Top: artist's conception of a supermassive black hole tearing apart a star. Bottom: images believed to show a supermassive black hole devouring a star in galaxy RX J1242-11. Left: X-ray image, Right: optical image.[1]

A supermassive black hole (SMBH) is the largest type of black hole, on the order of hundreds of thousands to billions of solar masses. Most—and possibly all—galaxies are inferred to contain a supermassive black hole at their centers.[2][3] In the case of the Milky Way, the SMBH is believed to correspond with the location of Sagittarius A*.[4]
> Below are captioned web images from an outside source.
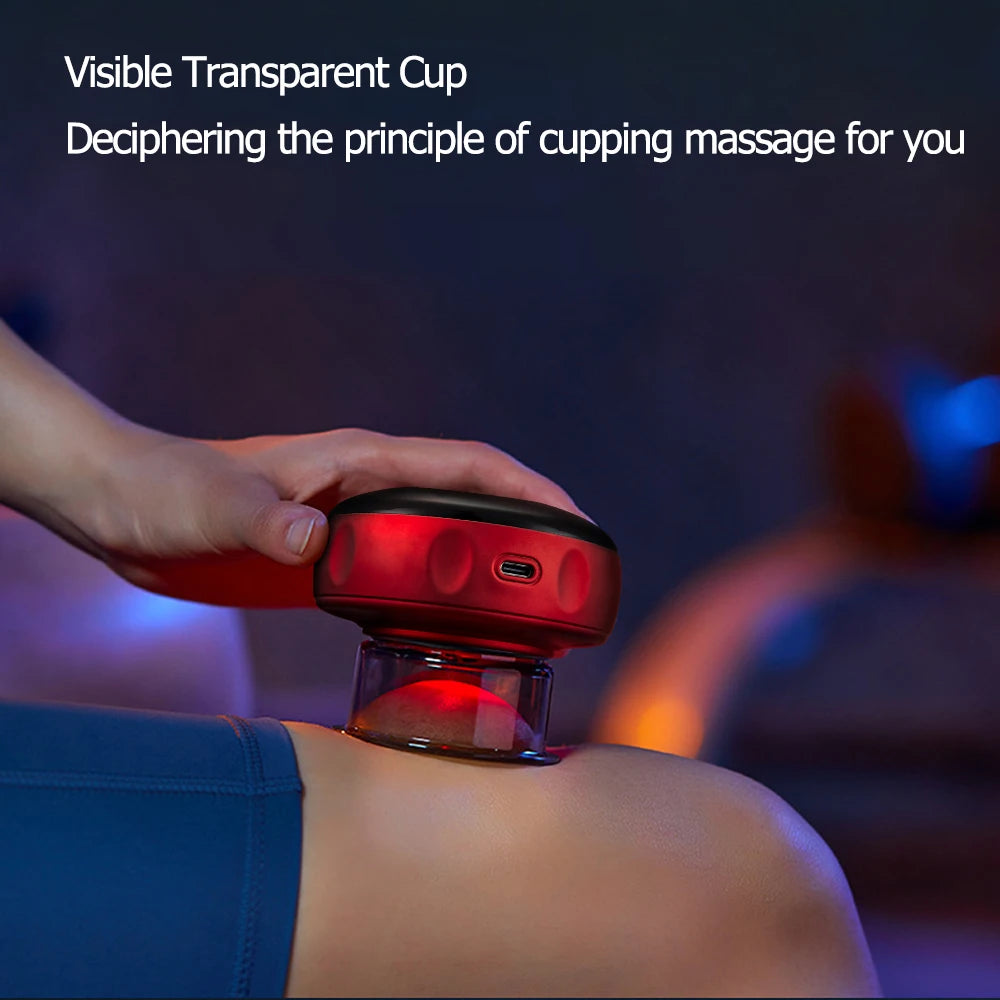 Electric Vacuum Cupping Massager – Anti-Cellulite Therapy & Fat-Burning Slimming Device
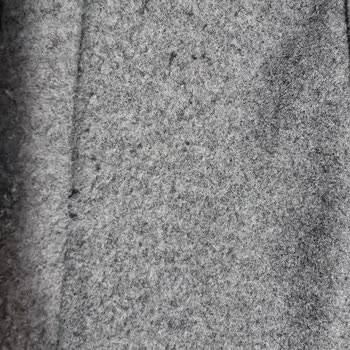 Mango Cekette Aşırı Tüylenme, Şikayetime Çözüm Sunulmadı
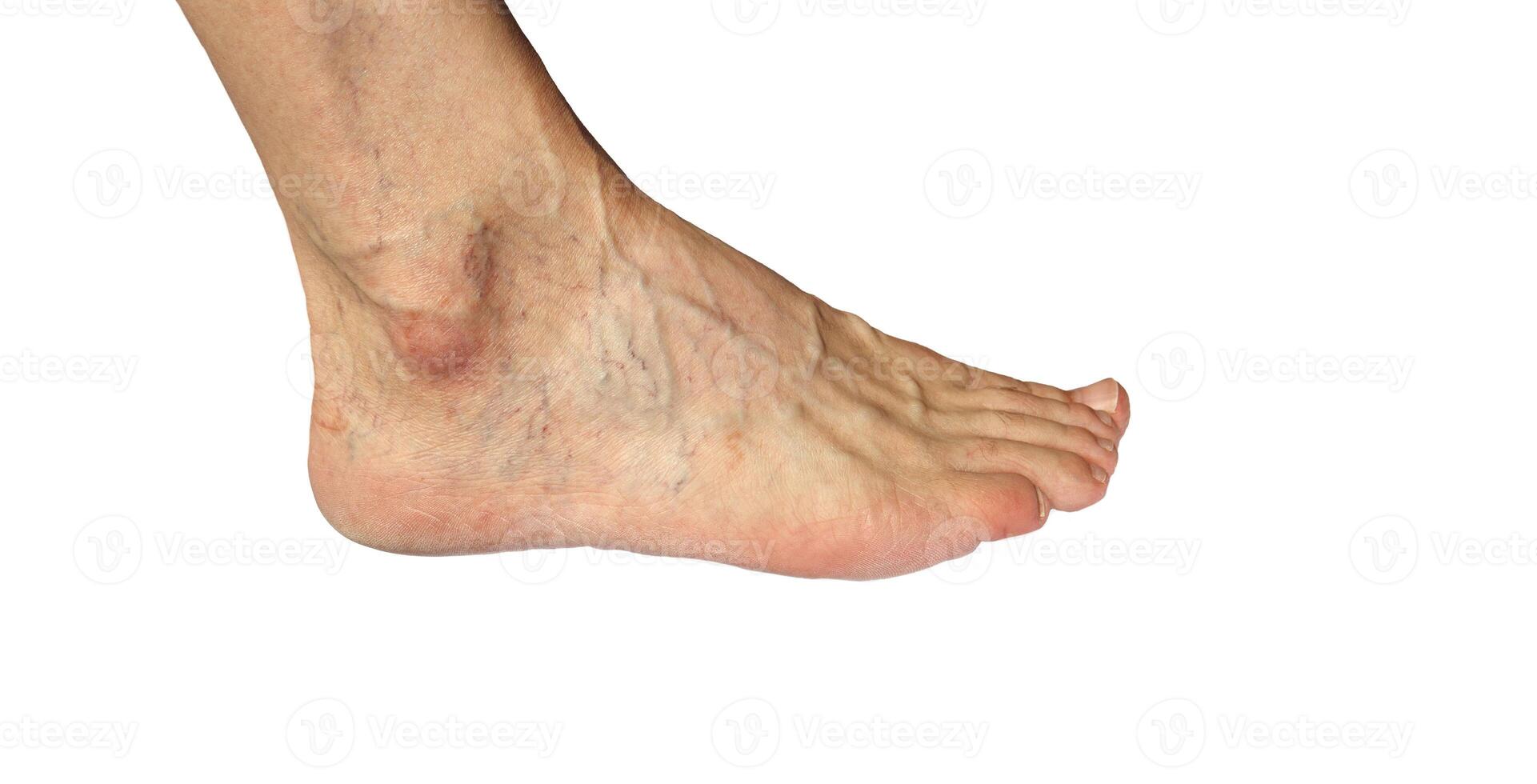 Varicose veins and vascular network on the legs. on a white background. Space for text.horizontal. photo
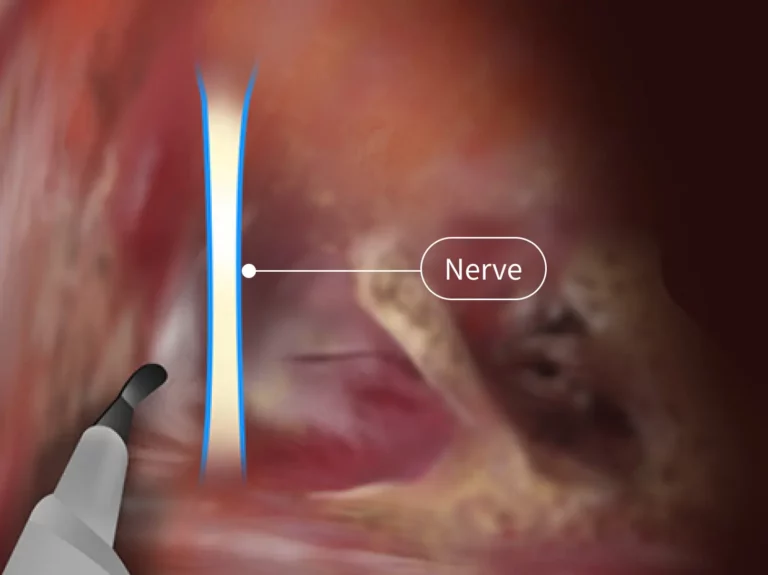 Nerve preserved during endoscopic transaxillary breast augmentation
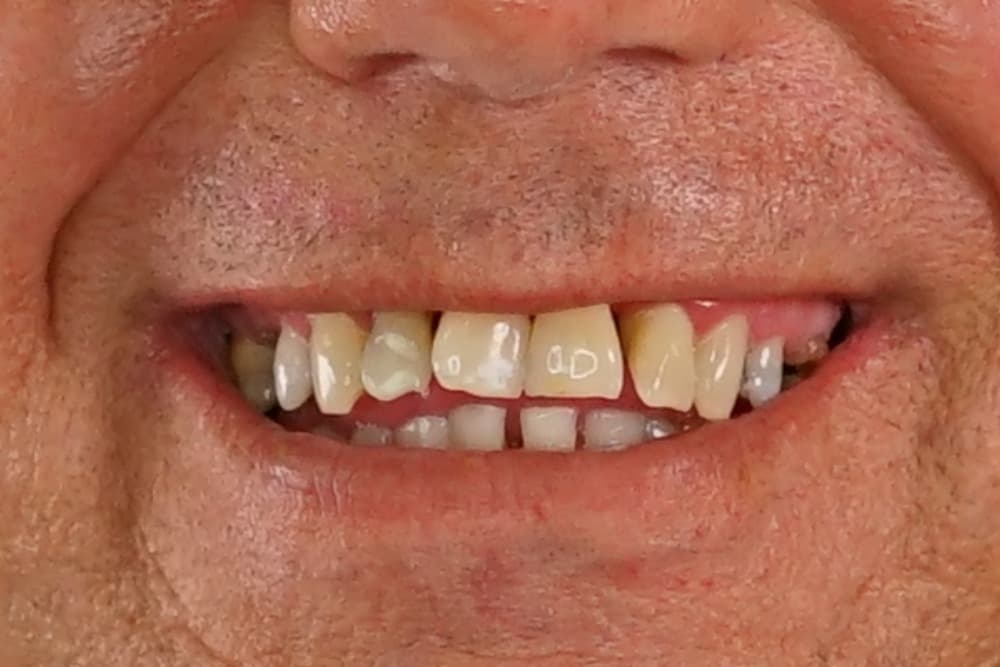 Before smile transformation case 2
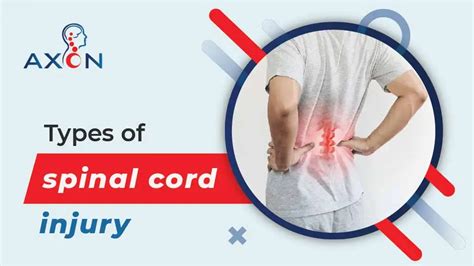 Types Of Spinal Cord Injury Know Difference From Critical Injuries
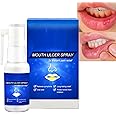 KASTWAVE Mouth Ulcer and Canker Sore Relief Spray for Fresh Breath and Dry Mouth, Provides Pain Relief, Promotes Healing, Oral Ulcer and Breath Sprays with Ingredients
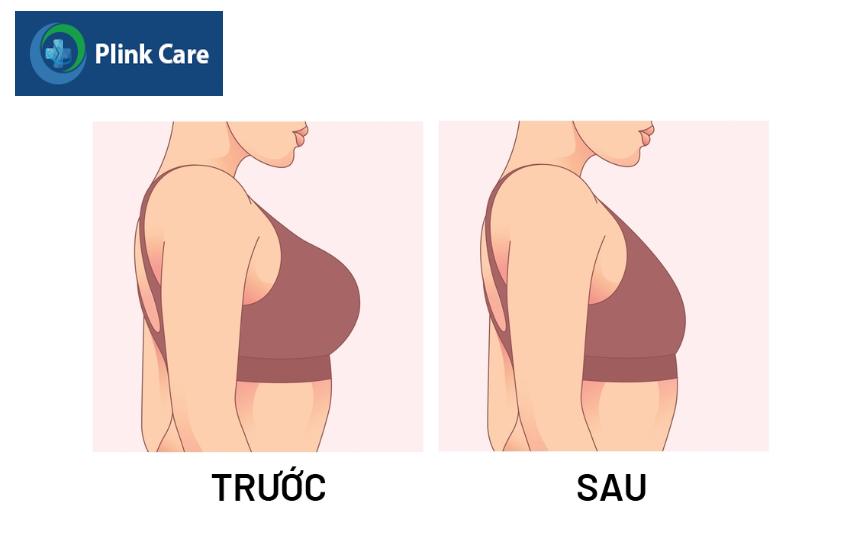 thu nhỏ vú không phẫu thuật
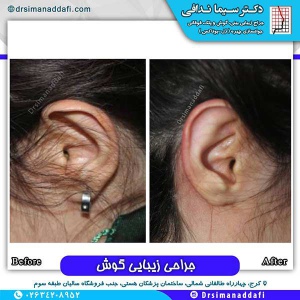جراحی-گوش-در-کرج-7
Supermassive black holes have properties which distinguish them from lower-mass classifications. First, the average density of a supermassive black hole (defined as the mass of the black hole divided by the volume within its Schwarzschild radius) can be less than the density of water in the case of some supermassive black holes.[5] This is because the Schwarzschild radius is directly proportional to mass, while density is inversely proportional to the volume. Since the volume of a spherical object (such as the event horizon of a non-rotating black hole) is directly proportional to the cube of the radius, the density of a black hole is inversely proportional to the square of the mass, and thus higher mass black holes have lower average density. In addition, the tidal forces in the vicinity of the event horizon are significantly weaker for massive black holes. As with density, the tidal force on a body at the event horizon is inversely proportional to the square of the mass: a person on the surface of the Earth and one at the event horizon of a 10 million solar mass black hole experience about the same tidal force between their head and feet. Unlike with stellar mass black holes, one would not experience significant tidal force until very deep into the black hole.

History of research

Donald Lynden-Bell and Martin Rees hypothesized in 1971 that the center of the Milky Way galaxy would contain a supermassive black hole. Sagittarius A* was discovered and named on February 13 and 15, 1974, by astronomers Bruce Balick and Robert Brown using the baseline interferometer of the National Radio Astronomy Observatory.[6] They discovered a radio source that emits synchrotron radiation; it was found to be dense and immobile because of its gravitation. This was, therefore, the first discovery that a supermassive black hole exists in the center of the Milky Way.

Formation

An artist's conception of a supermassive black hole and accretion disk.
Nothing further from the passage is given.